Gustave Thibon considérait que la poésie de Maurras possédait « cinq ou six cents vers immortels ». Pour aborder cet aspect trop méconnu, nous avons rencontré Michel Mohrt, membre de l'Académie française. À son bureau, aux éditions Gallimard, le romancier nous récite avec enthousiasme des dizaines de vers de Maurras, tirés de La Musique Intérieure, Au-devant de la nuit, ou de La Balance Intérieure.

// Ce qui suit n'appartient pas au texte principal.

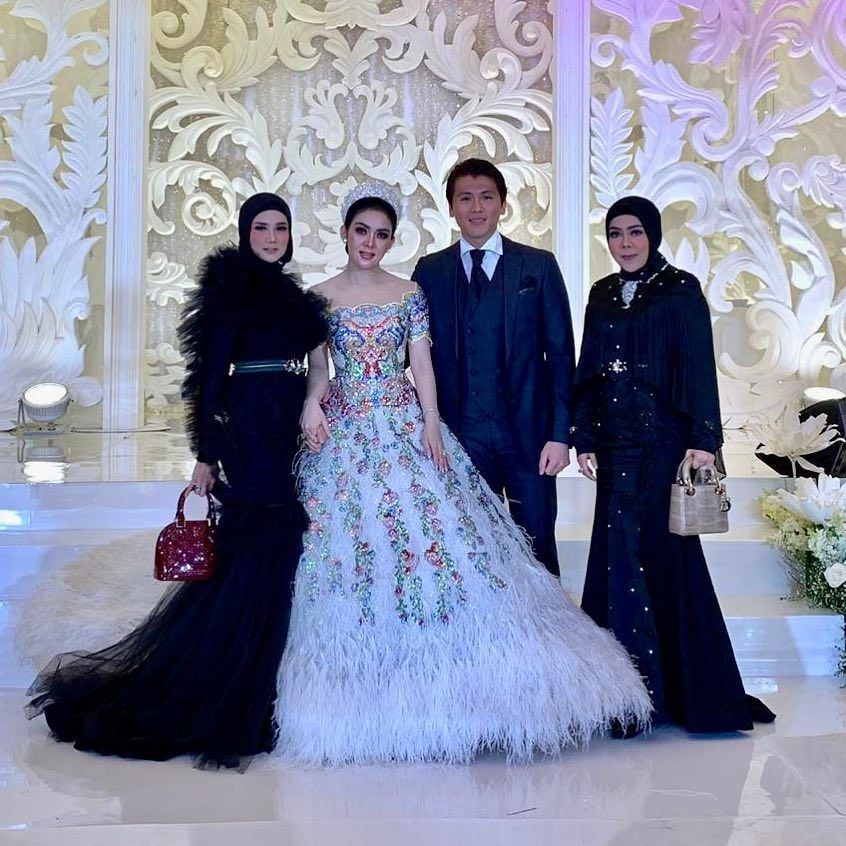 Potret Seleb di Resepsi Pernikahan Syahrini dan Reino Barack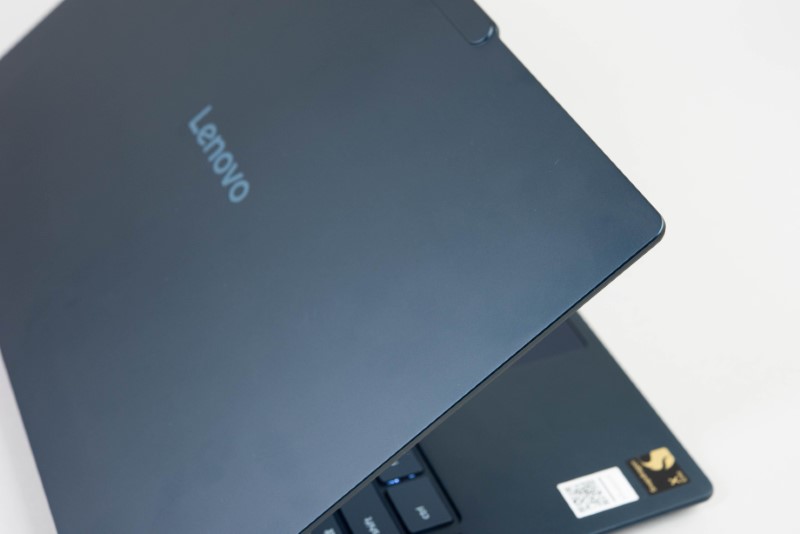 Lenovo初登場のCopilot+ PC「Yoga Slim 7x Gen 9」、素晴らしい Lenovo初登場のCopilot+ PC「Yoga Slim 7x Gen 9」、素晴らしい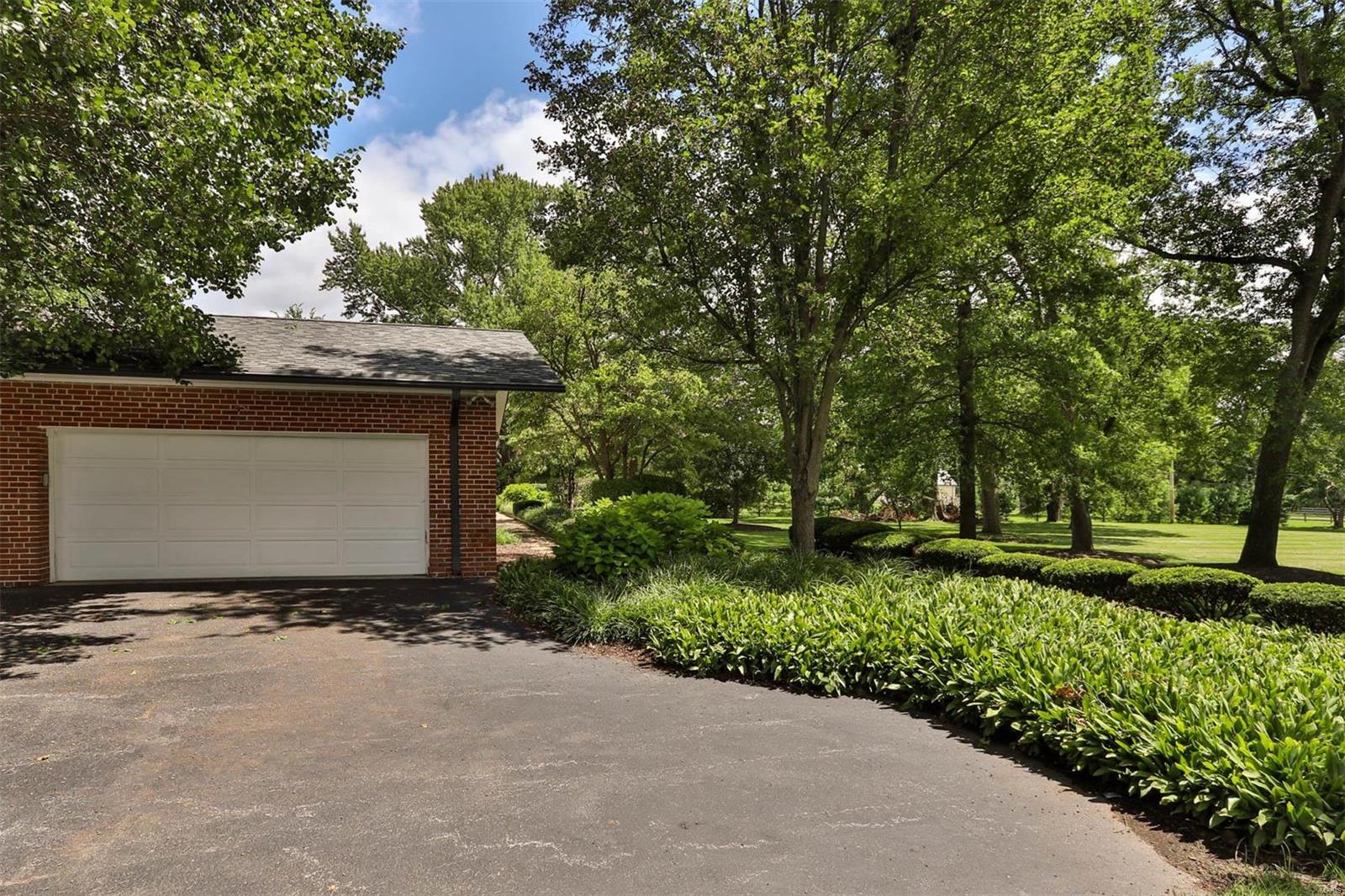 Huntleigh Manor - Residential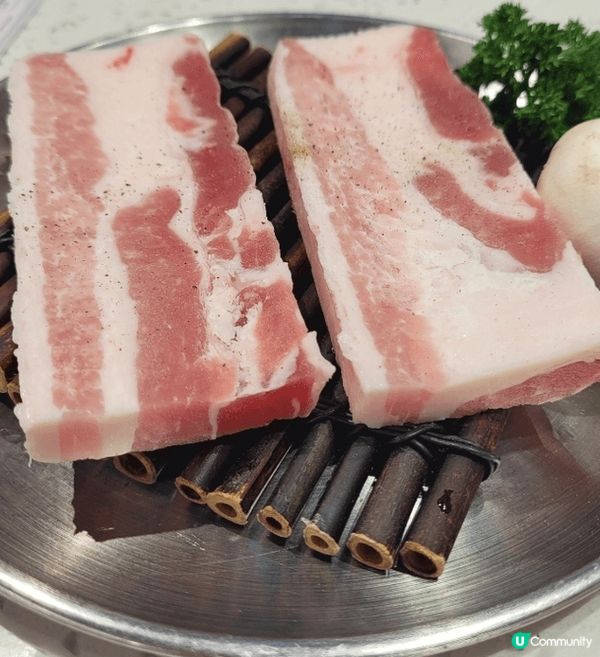 深圳皇庭廣場，路邊鐵桶，韓國烤肉料理，二人餐大眾點評258元...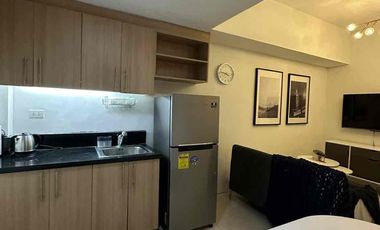 For Rent Fully Furnished 1Br Unit at Salcedo Square Makati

Membre de l'Académie française, Michel Mohrt est l'auteur d'une dizaine de romans (Mon royaume pour un cheval, La campagne d'Italie, La prison maritime, La guerre civile). Attaché à l'Université de Yale, Michel Mohrt fut ensuite responsable du domaine anglo-saxon aux éditions Gallimard : c'est ainsi qu'il publia Faulkner, Kerouac, Robert Penn Warren. Dernier ouvrage paru : Jessica ou l’amour affranchi, Gallimard, 2002. À signaler aussi : Le paradoxe de l’ordre, essai sur l’œuvre de Michel Mohrt, de Marie Ferranti, Gallimartd, 2002.


Comment avez-vous découvert la poésie de Maurras ?

Je l'ai découverte très tôt parce que mon père faisait partie de l'Action française et avait dans sa bibliothèque de nombreux livres de Charles Maurras. Entre autres un recueil (La Musique Intérieure) où se trouve une poésie que je trouve très belle :

L'olive est au pressoir, la grappe dans la tonne,
Une rieuse enfant nous verse le muscat,
Le vent vif a cueilli la verveine et la menthe
Pour nous envelopper des charités du Sort.
AMI, nous raisonnons de l'humaine tourmente
Comme deux matelots qui reviennent au port.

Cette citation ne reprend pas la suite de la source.